Prompt. Word for word, reproduce the listing that follows, excluding any pictures it contains.

Raw data.
^^^^^^^^
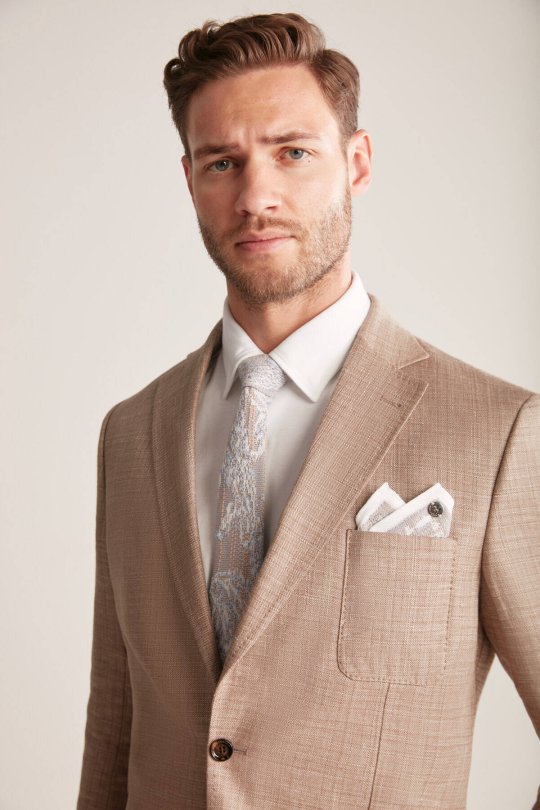 Etnik Desen Gri-Beyaz Örgü Mendil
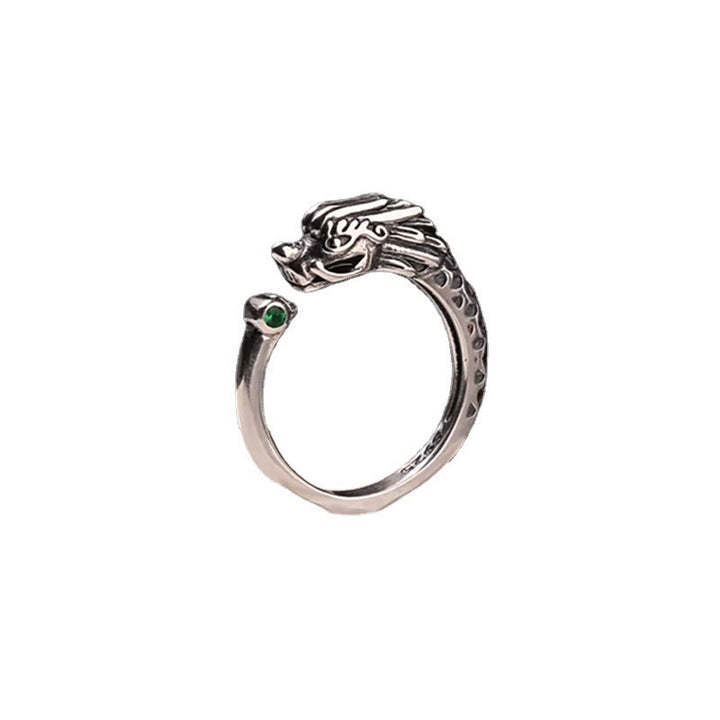Anello regolabile Buddha Stones Vintage Dragon Design Success Strength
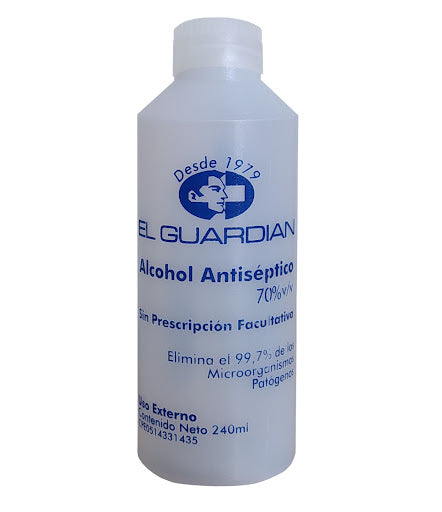 Alcohol Antiséptico al 70% x 240Ml. EL GUARDIAN.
^^^^^^^^
Answer to the problem.
 Etnik Desen Gri-Beyaz Örgü Mendil
Anello regolabile Buddha Stones Vintage Dragon Design Success Strength
 Alcohol Antiséptico al 70% x 240Ml. EL GUARDIAN.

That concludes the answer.